=== Source records ===

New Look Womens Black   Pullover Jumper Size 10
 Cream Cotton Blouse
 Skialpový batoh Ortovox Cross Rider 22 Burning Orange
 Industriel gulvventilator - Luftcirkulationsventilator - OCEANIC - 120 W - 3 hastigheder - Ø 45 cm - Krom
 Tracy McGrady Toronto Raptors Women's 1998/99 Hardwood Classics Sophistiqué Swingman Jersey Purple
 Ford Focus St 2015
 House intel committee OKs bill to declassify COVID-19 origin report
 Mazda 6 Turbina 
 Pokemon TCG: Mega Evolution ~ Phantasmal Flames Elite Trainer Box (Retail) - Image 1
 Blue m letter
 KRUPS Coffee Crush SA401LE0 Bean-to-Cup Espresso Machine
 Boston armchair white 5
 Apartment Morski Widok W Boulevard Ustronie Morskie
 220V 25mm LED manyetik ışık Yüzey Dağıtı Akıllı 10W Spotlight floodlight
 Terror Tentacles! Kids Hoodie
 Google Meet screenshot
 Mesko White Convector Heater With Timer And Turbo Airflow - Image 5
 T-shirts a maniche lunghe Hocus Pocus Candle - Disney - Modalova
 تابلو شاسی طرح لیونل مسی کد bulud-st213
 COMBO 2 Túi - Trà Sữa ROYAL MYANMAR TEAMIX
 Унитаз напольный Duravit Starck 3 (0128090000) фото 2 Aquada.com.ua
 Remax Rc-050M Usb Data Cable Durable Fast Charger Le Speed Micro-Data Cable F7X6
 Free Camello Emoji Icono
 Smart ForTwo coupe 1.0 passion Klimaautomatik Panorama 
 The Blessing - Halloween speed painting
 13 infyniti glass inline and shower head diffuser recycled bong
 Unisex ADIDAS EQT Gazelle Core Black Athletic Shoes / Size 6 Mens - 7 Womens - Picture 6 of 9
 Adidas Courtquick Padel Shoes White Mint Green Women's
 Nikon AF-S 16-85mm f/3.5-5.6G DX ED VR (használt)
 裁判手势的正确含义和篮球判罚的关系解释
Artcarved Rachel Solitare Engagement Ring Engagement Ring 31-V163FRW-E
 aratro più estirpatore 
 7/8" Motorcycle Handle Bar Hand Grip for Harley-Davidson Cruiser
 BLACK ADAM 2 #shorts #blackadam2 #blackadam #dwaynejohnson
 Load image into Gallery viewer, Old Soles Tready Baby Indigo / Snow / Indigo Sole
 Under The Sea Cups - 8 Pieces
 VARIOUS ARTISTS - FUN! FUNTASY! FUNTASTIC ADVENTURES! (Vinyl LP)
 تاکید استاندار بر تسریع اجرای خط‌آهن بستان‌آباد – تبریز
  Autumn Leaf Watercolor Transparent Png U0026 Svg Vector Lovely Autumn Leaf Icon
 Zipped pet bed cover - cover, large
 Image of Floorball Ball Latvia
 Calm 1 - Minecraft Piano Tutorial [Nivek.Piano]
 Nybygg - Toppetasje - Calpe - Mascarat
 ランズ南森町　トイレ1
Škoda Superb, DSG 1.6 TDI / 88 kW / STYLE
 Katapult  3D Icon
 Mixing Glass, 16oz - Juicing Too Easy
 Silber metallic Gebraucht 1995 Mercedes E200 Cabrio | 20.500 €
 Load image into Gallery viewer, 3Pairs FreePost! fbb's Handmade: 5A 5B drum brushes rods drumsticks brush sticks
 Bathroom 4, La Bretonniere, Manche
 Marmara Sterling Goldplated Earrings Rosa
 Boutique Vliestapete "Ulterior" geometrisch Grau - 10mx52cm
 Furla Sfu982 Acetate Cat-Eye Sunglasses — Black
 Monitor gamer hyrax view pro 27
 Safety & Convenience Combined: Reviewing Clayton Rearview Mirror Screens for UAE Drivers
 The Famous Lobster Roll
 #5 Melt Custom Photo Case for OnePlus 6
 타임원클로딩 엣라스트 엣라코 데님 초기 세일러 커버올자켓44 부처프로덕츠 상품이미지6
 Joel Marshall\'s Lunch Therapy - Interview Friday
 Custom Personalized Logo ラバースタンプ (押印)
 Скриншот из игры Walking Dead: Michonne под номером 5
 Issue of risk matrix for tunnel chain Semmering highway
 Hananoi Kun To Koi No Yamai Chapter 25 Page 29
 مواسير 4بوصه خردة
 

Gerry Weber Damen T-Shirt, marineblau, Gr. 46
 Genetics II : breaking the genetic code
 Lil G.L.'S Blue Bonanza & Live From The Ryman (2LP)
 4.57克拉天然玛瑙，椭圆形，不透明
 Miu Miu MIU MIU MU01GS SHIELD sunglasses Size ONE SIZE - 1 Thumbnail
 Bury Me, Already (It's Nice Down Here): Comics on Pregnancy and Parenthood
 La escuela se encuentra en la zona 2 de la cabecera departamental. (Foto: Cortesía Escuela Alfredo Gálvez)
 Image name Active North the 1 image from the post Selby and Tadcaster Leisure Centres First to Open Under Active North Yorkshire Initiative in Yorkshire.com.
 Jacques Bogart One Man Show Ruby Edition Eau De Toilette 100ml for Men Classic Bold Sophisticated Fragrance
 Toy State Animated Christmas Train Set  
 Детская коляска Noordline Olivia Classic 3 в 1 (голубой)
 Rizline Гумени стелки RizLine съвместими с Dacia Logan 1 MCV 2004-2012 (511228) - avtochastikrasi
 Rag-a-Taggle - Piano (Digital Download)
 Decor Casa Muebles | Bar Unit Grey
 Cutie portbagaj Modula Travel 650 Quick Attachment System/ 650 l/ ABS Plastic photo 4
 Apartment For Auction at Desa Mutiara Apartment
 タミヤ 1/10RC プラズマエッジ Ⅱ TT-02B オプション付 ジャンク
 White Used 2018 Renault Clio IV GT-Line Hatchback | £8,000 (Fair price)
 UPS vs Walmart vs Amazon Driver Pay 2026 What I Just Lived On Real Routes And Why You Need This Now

===

Work item: Reproduce the entries exactly. Every word has to stay the same.

Written solution:
New Look Womens Black   Pullover Jumper Size 10
 Cream Cotton Blouse
 Skialpový batoh Ortovox Cross Rider 22 Burning Orange
 Industriel gulvventilator - Luftcirkulationsventilator - OCEANIC - 120 W - 3 hastigheder - Ø 45 cm - Krom
 Tracy McGrady Toronto Raptors Women's 1998/99 Hardwood Classics Sophistiqué Swingman Jersey Purple
 Ford Focus St 2015
 House intel committee OKs bill to declassify COVID-19 origin report
 Mazda 6 Turbina 
 Pokemon TCG: Mega Evolution ~ Phantasmal Flames Elite Trainer Box (Retail) - Image 1
 Blue m letter
 KRUPS Coffee Crush SA401LE0 Bean-to-Cup Espresso Machine
 Boston armchair white 5
 Apartment Morski Widok W Boulevard Ustronie Morskie
 220V 25mm LED manyetik ışık Yüzey Dağıtı Akıllı 10W Spotlight floodlight
 Terror Tentacles! Kids Hoodie
 Google Meet screenshot
 Mesko White Convector Heater With Timer And Turbo Airflow - Image 5
 T-shirts a maniche lunghe Hocus Pocus Candle - Disney - Modalova
 تابلو شاسی طرح لیونل مسی کد bulud-st213
 COMBO 2 Túi - Trà Sữa ROYAL MYANMAR TEAMIX
 Унитаз напольный Duravit Starck 3 (0128090000) фото 2 Aquada.com.ua
 Remax Rc-050M Usb Data Cable Durable Fast Charger Le Speed Micro-Data Cable F7X6
 Free Camello Emoji Icono
 Smart ForTwo coupe 1.0 passion Klimaautomatik Panorama 
 The Blessing - Halloween speed painting
 13 infyniti glass inline and shower head diffuser recycled bong
 Unisex ADIDAS EQT Gazelle Core Black Athletic Shoes / Size 6 Mens - 7 Womens - Picture 6 of 9
 Adidas Courtquick Padel Shoes White Mint Green Women's
 Nikon AF-S 16-85mm f/3.5-5.6G DX ED VR (használt)
 裁判手势的正确含义和篮球判罚的关系解释
Artcarved Rachel Solitare Engagement Ring Engagement Ring 31-V163FRW-E
 aratro più estirpatore 
 7/8" Motorcycle Handle Bar Hand Grip for Harley-Davidson Cruiser
 BLACK ADAM 2 #shorts #blackadam2 #blackadam #dwaynejohnson
 Load image into Gallery viewer, Old Soles Tready Baby Indigo / Snow / Indigo Sole
 Under The Sea Cups - 8 Pieces
 VARIOUS ARTISTS - FUN! FUNTASY! FUNTASTIC ADVENTURES! (Vinyl LP)
 تاکید استاندار بر تسریع اجرای خط‌آهن بستان‌آباد – تبریز
  Autumn Leaf Watercolor Transparent Png U0026 Svg Vector Lovely Autumn Leaf Icon
 Zipped pet bed cover - cover, large
 Image of Floorball Ball Latvia
 Calm 1 - Minecraft Piano Tutorial [Nivek.Piano]
 Nybygg - Toppetasje - Calpe - Mascarat
 ランズ南森町　トイレ1
Škoda Superb, DSG 1.6 TDI / 88 kW / STYLE
 Katapult  3D Icon
 Mixing Glass, 16oz - Juicing Too Easy
 Silber metallic Gebraucht 1995 Mercedes E200 Cabrio | 20.500 €
 Load image into Gallery viewer, 3Pairs FreePost! fbb's Handmade: 5A 5B drum brushes rods drumsticks brush sticks
 Bathroom 4, La Bretonniere, Manche
 Marmara Sterling Goldplated Earrings Rosa
 Boutique Vliestapete "Ulterior" geometrisch Grau - 10mx52cm
 Furla Sfu982 Acetate Cat-Eye Sunglasses — Black
 Monitor gamer hyrax view pro 27
 Safety & Convenience Combined: Reviewing Clayton Rearview Mirror Screens for UAE Drivers
 The Famous Lobster Roll
 #5 Melt Custom Photo Case for OnePlus 6
 타임원클로딩 엣라스트 엣라코 데님 초기 세일러 커버올자켓44 부처프로덕츠 상품이미지6
 Joel Marshall\'s Lunch Therapy - Interview Friday
 Custom Personalized Logo ラバースタンプ (押印)
 Скриншот из игры Walking Dead: Michonne под номером 5
 Issue of risk matrix for tunnel chain Semmering highway
 Hananoi Kun To Koi No Yamai Chapter 25 Page 29
 مواسير 4بوصه خردة
 

Gerry Weber Damen T-Shirt, marineblau, Gr. 46
 Genetics II : breaking the genetic code
 Lil G.L.'S Blue Bonanza & Live From The Ryman (2LP)
 4.57克拉天然玛瑙，椭圆形，不透明
 Miu Miu MIU MIU MU01GS SHIELD sunglasses Size ONE SIZE - 1 Thumbnail
 Bury Me, Already (It's Nice Down Here): Comics on Pregnancy and Parenthood
 La escuela se encuentra en la zona 2 de la cabecera departamental. (Foto: Cortesía Escuela Alfredo Gálvez)
 Image name Active North the 1 image from the post Selby and Tadcaster Leisure Centres First to Open Under Active North Yorkshire Initiative in Yorkshire.com.
 Jacques Bogart One Man Show Ruby Edition Eau De Toilette 100ml for Men Classic Bold Sophisticated Fragrance
 Toy State Animated Christmas Train Set  
 Детская коляска Noordline Olivia Classic 3 в 1 (голубой)
 Rizline Гумени стелки RizLine съвместими с Dacia Logan 1 MCV 2004-2012 (511228) - avtochastikrasi
 Rag-a-Taggle - Piano (Digital Download)
 Decor Casa Muebles | Bar Unit Grey
 Cutie portbagaj Modula Travel 650 Quick Attachment System/ 650 l/ ABS Plastic photo 4
 Apartment For Auction at Desa Mutiara Apartment
 タミヤ 1/10RC プラズマエッジ Ⅱ TT-02B オプション付 ジャンク
 White Used 2018 Renault Clio IV GT-Line Hatchback | £8,000 (Fair price)
 UPS vs Walmart vs Amazon Driver Pay 2026 What I Just Lived On Real Routes And Why You Need This Now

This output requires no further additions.